Had a read through the Knight Frank Global House Price Index last night to check what’s happening where. Headline points? ‘Dubai topped the annual rankings, but prices rose by only 3.4 per cent in the first quarter. Croatia, Cyprus and Greece were the weakest-performing housing markets in the 12 months to March 2014. The US, Australia and Iceland now sit alongside several emerging markets in the top ten rankings for annual price growth. Fourteen countries recorded a decline in house prices year-on-year, 12 of these were in Europe.
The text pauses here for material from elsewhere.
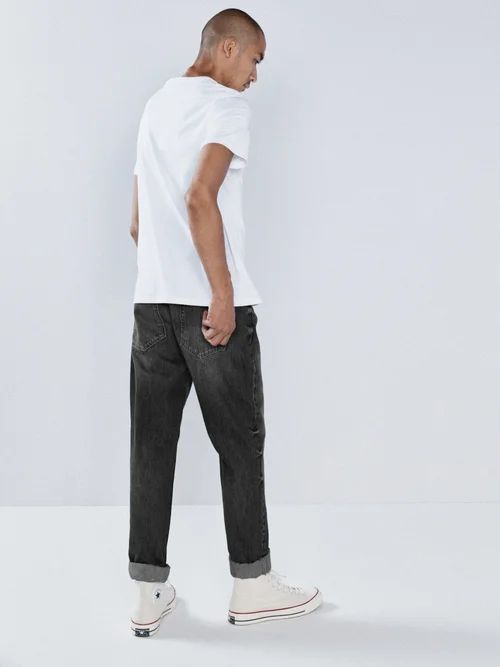 Single Organic-cotton Slim-leg Jeans - Mens - Black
‘For the first time since 2008 no single country tracked by the Global House Price Index has recorded an annual price fall in excess of 10 per cent. The bottom ten rankings reads like a geographical tour of Eastern and Southern Europe. House prices here, while still in decline, are now falling at a slower rate, even in the weakest housing markets such as Croatia, Cyprus and Greece. Singapore and Japan are the only non-European countries in the bottom 14 rankings. Cooling measures and tighter mortgage lending conditions have halted price growth in Singapore, whilst in Japan abenomics has yet to push house price growth into positive territory.’
‘We expect to see the index’s performance strengthen again in the second quarter. All eyes will remain on central banks, in particular the Federal Reserve, the Bank of England and the European Central Bank. The issue is not when interest rates rise but the speed and extent to which they do.
We are at work on a BRIC report – Brazil, Russia, India and China – and note that a new study by Standard & Poor’s suggests that prices in China in 2013 rose some 11.5 per cent with some ‘top tier cities rising over 20 per cent in price last year’. However, the market seeks to have turned with year-on-year residential property sales to end Q1 2014 down 10 per cent compared to growth of 26.6 per cent over the same period last year. Even so, S&P states, ‘Property sales volume will rise 10 per cent in 2014 with stronger sales growth in the second half of the year due to price cuts from developers seeking to meet sales targets. Compressed margins will become a structural trend as tougher operating conditions prove most difficult for smaller developers.’ More to follow.
An interesting article in OPP Connect draws our attention to the changing face of resorts in Spain. Let’s quote a little, ‘Costa Blanca estate agent Tony Barnes says that last year it sold more properties to non-European Union buyers, including those from China and Russia, than Spanish nationals and European expats. Wealthy Chinese and Russian buyers snapped up properties under the Spanish government’s ‘Golden Visa’ scheme offering residence with property worth more than €500,000.
‘While it is good to see movement in the property market, I have been concerned about the changing face of the popular resorts on the coast. For example, the Chinese have bought several properties on an urbanisation located just outside the town of Javea, and although they are typically purchased by an older person with a business-like aspect, within no time many occupants arrive. In some circumstances, it appears as though dozens of Chinese are sharing a property with only two or three bedrooms. Rubbish accumulates in the gardens, and there appears to be nobody taking responsibility for the upkeep of the properties, which lowers the tone of the urbanisation.’ Um, I think I will restrict my comments here to simply saying that buyers looking for a ‘home from home’ when buying overseas should do some careful research before progressing any purchase to ensure that the locality matches their personality and expectations.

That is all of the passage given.